Kill Decision(32)
But no harm came to them, and in a few moments the vehicle rolled to a halt.
Kayani clapped Warner on the back. “We are here, my friend. I have something very special to show you.”
A soldier opened the heavy metal door, and what should have been fresh air flowing in was instead the familiar smell of the Third World—smoke, rotting garbage, and raw sewage. It was an odor Warner didn’t wax nostalgic about. If only he’d been young when 9/11 happened. What sort of career would he have had then? All these young guys out here now with their high-tech equipment. The contractors with their expense accounts and liberal rules of engagement. It still paid to work relationships, though. He still had some advantages the tech wizards did not.
Kayani motioned for Warner to follow as they passed a gauntlet of worried-looking soldiers training G3s at the upper stories of tenements all around them. There nonetheless were hundreds of curious faces peering from ledges and window frames down on them. Faces whispering to each other.
Warner ducked down and hoped his tan from years of deep-sea fishing would conceal his nationality long enough for him to get to cover. But by now it had to be apparent he was some sort of VIP on a tour. A glance ahead showed that Kayani was leading him through the corrugated tin gate of a warehouse/garage. It was a ramshackle place, with garbage strewn in the alleyways and near the entrance. As he entered, Warner had to slide between rusted Bedford trucks, covered in dust. They still retained some of their outrageously ornate decorations, but parts had been cannibalized. Here the smell of oil and rotting wood overcame the reek of sewage.
Just beyond these trucks lay another doorway, a subdoor within another larger gate. This is where Kayani stood beaming next to half a dozen soldiers. Warner could see bright work lights inside.
“This way . . .” Kayani entered, and Warner stepped through behind him. Inside he saw a surprisingly large workshop—easily fifty feet long and nearly as wide, with a tall ceiling hung with chains and winches. What rooted him in place was that the entire workshop was littered with the wreckage and components of what appeared to be American drone aircraft. Disembodied wings with American markings leaned against the far wall. There were entire drone sections, fuselage components, and electrical and optical assemblies, stretching along heavy wooden tables covered in clear plastic tarps.
“Holy mother of . . .”
Warner walked along the tables past oscilloscopes, soldering irons, and assorted tools littered across half a dozen workstations. Wrecked fuselage sections were in various states of disassembly, their components arrayed like the results of an electrical autopsy. Legal pads with scrawled notes in Arabic—not Urdu or Pashto, but Arabic—along with hasty diagrams were visible on the workbenches. He flipped aside a plastic tarpaulin and saw the rear section of an MQ-1 Predator, the downward-angled fins and propeller twisted from crash impact. He ran his hands along the ground power panel in the side of the fuselage, wiping away dirt and dust. Given the political waves this discovery would make, Warner had to be certain this was the real thing—absolutely certain.

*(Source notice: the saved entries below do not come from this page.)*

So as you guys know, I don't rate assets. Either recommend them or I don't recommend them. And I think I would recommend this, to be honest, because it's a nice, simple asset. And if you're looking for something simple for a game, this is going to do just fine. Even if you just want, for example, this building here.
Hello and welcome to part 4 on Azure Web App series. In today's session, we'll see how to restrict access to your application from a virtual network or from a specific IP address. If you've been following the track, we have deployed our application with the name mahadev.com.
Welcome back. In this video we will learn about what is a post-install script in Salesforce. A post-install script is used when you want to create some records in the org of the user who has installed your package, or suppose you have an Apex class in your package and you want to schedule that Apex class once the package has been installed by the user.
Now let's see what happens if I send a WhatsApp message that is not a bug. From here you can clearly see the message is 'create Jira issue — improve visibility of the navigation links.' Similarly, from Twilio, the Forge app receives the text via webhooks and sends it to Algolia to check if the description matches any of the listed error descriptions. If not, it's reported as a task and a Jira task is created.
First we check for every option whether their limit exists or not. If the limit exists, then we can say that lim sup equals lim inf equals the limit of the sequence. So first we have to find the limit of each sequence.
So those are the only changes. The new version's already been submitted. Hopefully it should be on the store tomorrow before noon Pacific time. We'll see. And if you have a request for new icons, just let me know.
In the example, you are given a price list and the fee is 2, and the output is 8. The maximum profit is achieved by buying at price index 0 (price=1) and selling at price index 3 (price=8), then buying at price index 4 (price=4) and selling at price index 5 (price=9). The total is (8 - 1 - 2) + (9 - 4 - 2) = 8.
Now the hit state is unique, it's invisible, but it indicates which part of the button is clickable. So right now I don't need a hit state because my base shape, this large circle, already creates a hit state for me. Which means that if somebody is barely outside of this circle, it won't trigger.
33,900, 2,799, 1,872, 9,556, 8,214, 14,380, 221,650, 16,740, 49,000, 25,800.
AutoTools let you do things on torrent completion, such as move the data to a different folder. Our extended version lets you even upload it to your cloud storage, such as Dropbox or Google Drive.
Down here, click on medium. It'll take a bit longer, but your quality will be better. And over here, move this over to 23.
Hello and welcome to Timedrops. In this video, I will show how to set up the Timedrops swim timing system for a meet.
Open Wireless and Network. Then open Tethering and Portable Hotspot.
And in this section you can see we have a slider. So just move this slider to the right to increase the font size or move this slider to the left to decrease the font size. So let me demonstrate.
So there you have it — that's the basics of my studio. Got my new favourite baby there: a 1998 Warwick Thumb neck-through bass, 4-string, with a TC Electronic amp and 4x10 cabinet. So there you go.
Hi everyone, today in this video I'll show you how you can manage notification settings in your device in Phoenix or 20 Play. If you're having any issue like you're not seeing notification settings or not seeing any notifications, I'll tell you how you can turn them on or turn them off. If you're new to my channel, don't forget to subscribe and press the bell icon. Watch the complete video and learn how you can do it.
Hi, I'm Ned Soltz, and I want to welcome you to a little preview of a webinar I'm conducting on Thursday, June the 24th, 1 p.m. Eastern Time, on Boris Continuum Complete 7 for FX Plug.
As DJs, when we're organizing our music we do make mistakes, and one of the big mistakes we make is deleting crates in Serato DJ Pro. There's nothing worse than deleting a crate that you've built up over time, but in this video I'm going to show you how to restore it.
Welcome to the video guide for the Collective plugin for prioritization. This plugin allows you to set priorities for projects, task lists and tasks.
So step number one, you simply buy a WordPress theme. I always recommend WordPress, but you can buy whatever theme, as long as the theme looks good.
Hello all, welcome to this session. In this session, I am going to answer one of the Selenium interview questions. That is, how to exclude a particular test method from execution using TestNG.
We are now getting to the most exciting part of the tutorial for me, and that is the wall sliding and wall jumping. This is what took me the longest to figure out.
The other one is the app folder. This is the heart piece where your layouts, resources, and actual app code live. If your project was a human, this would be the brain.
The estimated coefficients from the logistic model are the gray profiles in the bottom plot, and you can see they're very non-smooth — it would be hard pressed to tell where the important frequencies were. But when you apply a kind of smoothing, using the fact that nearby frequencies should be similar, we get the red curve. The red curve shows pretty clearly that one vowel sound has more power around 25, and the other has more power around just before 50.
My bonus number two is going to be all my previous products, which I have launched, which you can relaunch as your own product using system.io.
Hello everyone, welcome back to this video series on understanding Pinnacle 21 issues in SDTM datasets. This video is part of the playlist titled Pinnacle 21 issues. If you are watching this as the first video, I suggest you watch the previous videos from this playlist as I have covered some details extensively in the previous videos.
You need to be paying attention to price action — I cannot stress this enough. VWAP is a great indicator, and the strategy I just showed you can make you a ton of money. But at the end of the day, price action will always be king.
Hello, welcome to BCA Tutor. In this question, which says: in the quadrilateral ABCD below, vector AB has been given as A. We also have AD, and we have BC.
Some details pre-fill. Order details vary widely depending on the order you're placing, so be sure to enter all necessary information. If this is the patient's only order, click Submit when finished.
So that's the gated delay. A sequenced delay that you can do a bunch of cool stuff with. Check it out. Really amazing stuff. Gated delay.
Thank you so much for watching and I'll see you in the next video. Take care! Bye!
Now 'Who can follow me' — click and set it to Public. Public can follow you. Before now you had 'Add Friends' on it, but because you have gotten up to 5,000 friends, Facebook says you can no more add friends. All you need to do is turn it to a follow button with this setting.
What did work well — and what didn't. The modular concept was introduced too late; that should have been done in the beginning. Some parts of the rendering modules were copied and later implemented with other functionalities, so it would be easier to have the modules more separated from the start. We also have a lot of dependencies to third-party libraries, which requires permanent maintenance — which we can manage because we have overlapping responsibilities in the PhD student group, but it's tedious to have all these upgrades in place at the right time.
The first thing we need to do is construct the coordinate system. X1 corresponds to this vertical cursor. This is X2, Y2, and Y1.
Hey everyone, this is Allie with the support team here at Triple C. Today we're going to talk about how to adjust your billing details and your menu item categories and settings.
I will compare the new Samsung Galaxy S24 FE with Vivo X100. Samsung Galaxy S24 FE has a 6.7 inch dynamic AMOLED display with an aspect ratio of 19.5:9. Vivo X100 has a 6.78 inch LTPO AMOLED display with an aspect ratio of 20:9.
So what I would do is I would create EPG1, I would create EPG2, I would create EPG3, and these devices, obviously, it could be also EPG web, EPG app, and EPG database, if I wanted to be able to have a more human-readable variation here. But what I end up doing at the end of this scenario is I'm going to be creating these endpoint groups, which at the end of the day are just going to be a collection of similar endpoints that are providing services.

He examined the panel. There was the release consent switch, still set to armed. The battery-off button, manual engine start switch, ground power. He pulled the tarp farther back to reveal the front section of the same or perhaps another MQ-1, the fuselage smashed, with dirt and pieces of branches confusing things even more. He tried to get his bearings, tapping each subassembly as he found it: the synthetic aperture radar antenna, a damaged Ku-band satellite dish. The APX-100 IFF transponder was missing and so was the video recording unit, but he found the primary control module, partially disassembled. Glancing up at the rest of the shop he saw at least four more MQ-1s.
Colonel Kayani smiled broadly. “Did I not promise it would be worth the trip, my friend? Of course, the Pakistani government has no reason to hide this from you. We have no use for American drones because we have our own Mukhbar and Burraq drones—of more advanced design.”
Warner stared at the walls in open wonder. And there, in front of him, hung what looked to be a large wiring schematic indicating the individual subsystems of an MQ-9 Reaper drone. The diagram was roughly quarter scale, and printed on professional blueprint paper. Warner could see the computer workstations and color plotters close at hand. They had the plans for an MQ-9. A Reaper.
This was a full-scale reverse engineering operation. He was nearly speechless.
“Well, what do you think?”
Warner, still wide-eyed, spoke without looking at Kayani. “I think I just got promoted.”
CHAPTER 9
Influence Operations
Henry Clarke undid the buttons on his Balmain jacket as he cast an arm over the back of a leather sofa in Marta’s K Street corner office. The tall windows had an expansive view over the broad intersections of Vermont and K Street, just off McPherson Square. It was a beautiful, sunny winter day, and he wondered where he should eat later—and with whom.